Brunschwig: Finally, one last question. I was reading reviews to your book on Amazon reviews. You know, The End of Big, I don’t go on the New York Book Review, I read reviews on Amazon and one of the first reviews supposedly came from your mother. She had a question and I’m going to ask it to you, which is where are we going with this?

Mele: Well, I wrote the book because I’m a little concerned about where we’re going. I think that we’re not approaching our world with enough intentionality and thoughtfulness.

Tuan Nguyen: There are some more questions from Hang Hoang in Paris. Do you think the Internet can help balance the global information flow?

Brunschwig: Do you think the Internet can help balance the global information flow, or just reinforce the one-way flow of information?

Mele: I have no doubt it has already balanced the flow of information.
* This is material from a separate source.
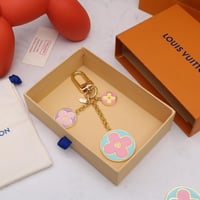 ميدالية لويس فيتون النسائية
That’s what Wikileaks is about, that’s what Edward Snowden was about, that kind of disruption to the way information is managed and controlled.

Nguyen: Also, a question from [name inaudible] co-found of Skin Net to add to you comment about CEO Cisco John Chambers.

Brunschwig: We have a quote by John Chambers CEO of Cisco who said: “The Internet of everything is a connection of people, data, process, and things that is revolutionizing the way we do business, transforming communication, job creation, education, and health care across the globe. As we are beginning to witness when we connect people, communities, cities, even countries amazing things are possible. Fueling the Internet of everything is growing the number of people and things connecting to the Internet. There will be more mobile phone devices and smartphones connected than the total global population by 2015. By 2020 more than 5 billion people will be connected, not to mention 50 billion things and it’s not just devices you’d expect that will be connected, such as tablets, but other physical objects that can sense and share information. I see 2014 as the inflection point for this major technology transition, which I predict will have a much bigger impact on the world than the first twenty years of the Internet.” What are your comments about this quote?

Mele: Well, there’s no doubt that radical connectivity plays in here. The big tech news this week is the acquisition of Nest by Google. Nest is very successful because it built thermostats and smoke detectors that communicate with each other, and with you, and with your phone. A kind of connectivity, this is kind of ambient device awareness in a sense. I can imagine a day when you leave your house to go to a conference and your phone notices that you’ve left your house and it looks at your calendar, it knows where you’re going, it’s watching your car drive you there, and it sends a message ahead to the conference center with the coordinates for your back, and the conference center prints a chair with a 3D printer molded and designed for your back so you get to your meeting or your conference and you have your chair with your name on it and you sit in it and it’s just for you. That’s a world where things are customized and built to your personal satisfaction. But that is a world that empowers individuals, potentially at the expense of civic lives in the community. So, that is also something we’ve got to bring some real intentionality to, if that’s how we want it to be.

Brunschwig: Thank you so much for doing this with us.

Mele: Thank you.

Mr. Nguyen: Nicco, thank you so much. Thank you for your attention and time for Nicco’s talk on the Meet Boston Global Forum Leaders Series and there are a lot of questions. We thank you for sending your questions. But we are limited to only sixty minutes, so we are able to use a part of that. So we hope we to continue to be involved and to attend the Boston Global Forum events and the Meet Boston Global Forum Leaders Series next time. Thank you so much.

Mele: Thank you very much. It’s a pleasure to be a part of this community.